Hasta se cobra la vida de Kid (Thomas Mitchell), el amigo de Geoff (Cary Grant) -una de las más bellas historias de amor entre hombres filmada nunca-, uno de los más adorables personajes que hayan transitado por una pantalla, cuya muerte deviene uno de esos momentos perdurables de la historia del cine.
El set de Barranca en la secuencia inicial
de Sólo los ángeles tienen alas.
A Bonnie Lee (Jean Arthur) le lleva toda la película descubrirlo, como a nosotros (como nosotros, ella llega a Barranca cuando comienza Sólo los ángeles tienen alas). Y quedándose (en el infierno) descubre quién es: la chica que bajó del barco es una desconocida para mí, confiesa cuando aun no sabe que ya nunca saldrá de allí. Los ángeles vuelan, los hombres mueren.
Y aprenden que la muerte es el único vuelo que otorga sentido al aquel de vivir.
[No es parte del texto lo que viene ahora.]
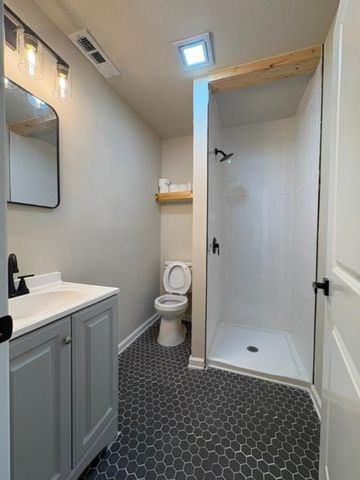 1003 N Urbana Avenue, Tulsa, OK 74115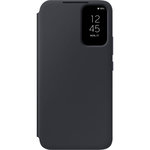 Samsung Etui A34 5G Smart S View Noir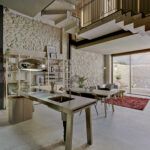 Manuel Lucas Muebles - Imagen 1 - Oficina de arquitectura de interiores en Elx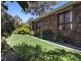 42 Roebuck Street, Red Hill ACT 2603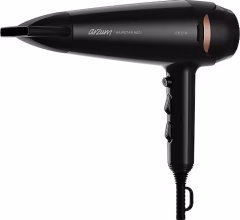 ARZUM HAIRSTAR NEO SAÇ KURUTMA MAKİNESİ AR5116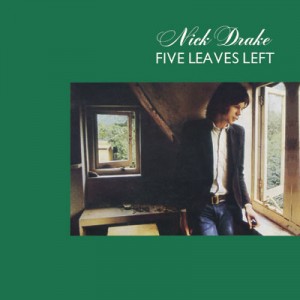 Five_Leaves_Left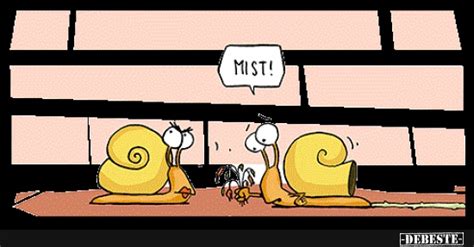 275 less than a minute. Alles Gute zum Valentinstag...... uups | Lustige Bilder ...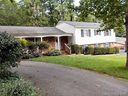 318 Woodland Trail sold home in Hendersonville, SC
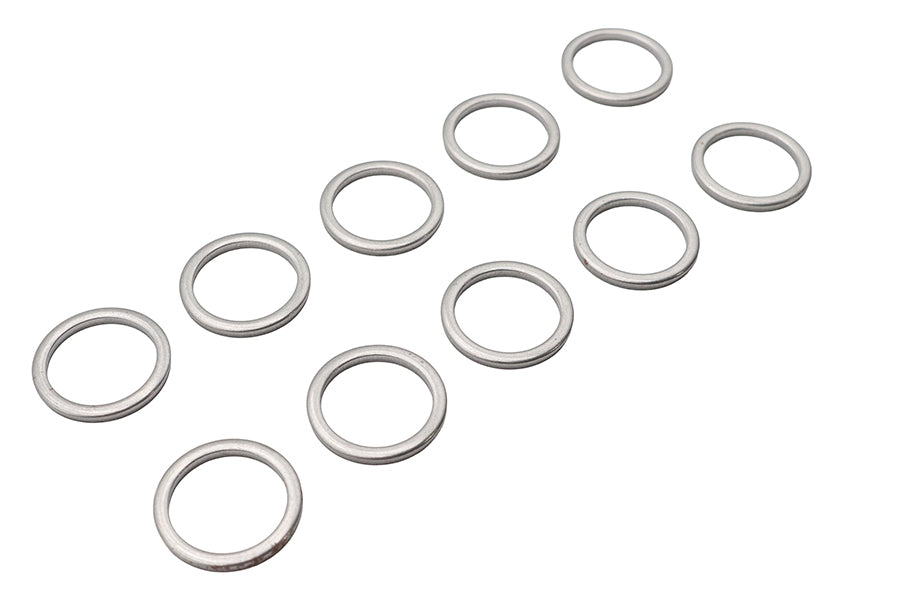 Eastern Transmission Countershaft Spacer - additional view 4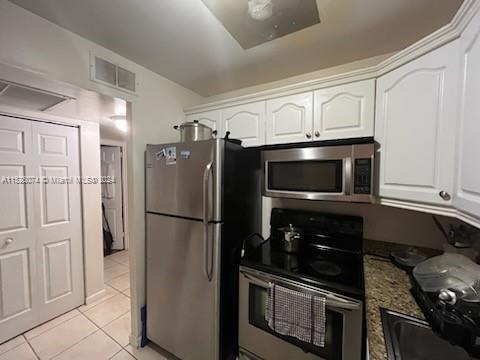 5981 Washington St 209, Hollywood, Florida 33023, 2 Bedrooms Bedrooms, ,2 BathroomsBathrooms,Residential,For Sale,5981 Washington St 209,A11528074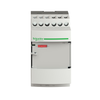 Schneider Electric RMCA61BD Harmony Analogue Current Convertor
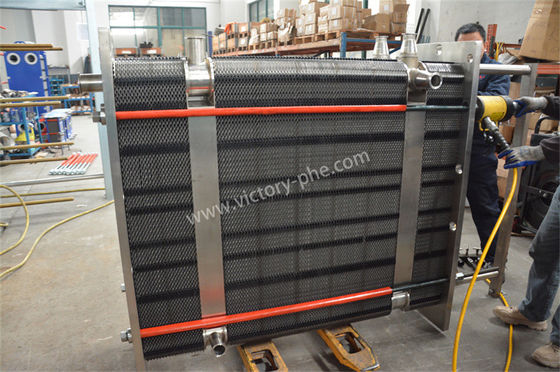 GC60 GX60 Πλάκες διακόπτη με προσαρμοσμένα στερεώματα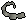 Thumbnail for version as of 23:33, 8 January 2024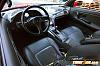 Speedzone Silvia-dsc_0750.jpg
Eso vemos en la pantalla, eso nos pone Hawks delante de los ojos. Pero la mirada se olvida de lo que ve. ¿El infierno?, un paraíso.
Ese bar -teatral e irreal (alucinantemente irrealista, escribe Bénard da Costa)- se transfigura en el corazón del filme más teatral e irrealista, iluminado por Joseph Walker, que nunca haya filmado Hawks -brumas, decorados, maquetas (otra vez Bénard da Costa abre un sugestivo pasaje: como si de un filme de Sternberg se tratara; de hecho, lo escribe Jules Furthman, el guionista de Los muelles de Nueva York, Marruecos o El expreso de Shanghai)-. Y quizá también -aun tramando una compleja telaraña de relaciones entre los personajes- uno de los más limpios, leves -y vivos- de todos sus filmes. He ahí la alquimia: la teatralidad como condición de la transparencia. El artificio, horma de la claridad.
Pero si, además, está película -que enhebra con humor una historia de amor y aventura- impresiona nuestra mirada con el fulgor del coraje que destella sobre tan hondas negruras, entonces casi -o sin casi- podemos hablar de milagro.
O dicho de otra forma, que semejantes asuntos no se transfiguren en una película sombría -oscura como la negra sombra- habla a las claras del genio de Hawks.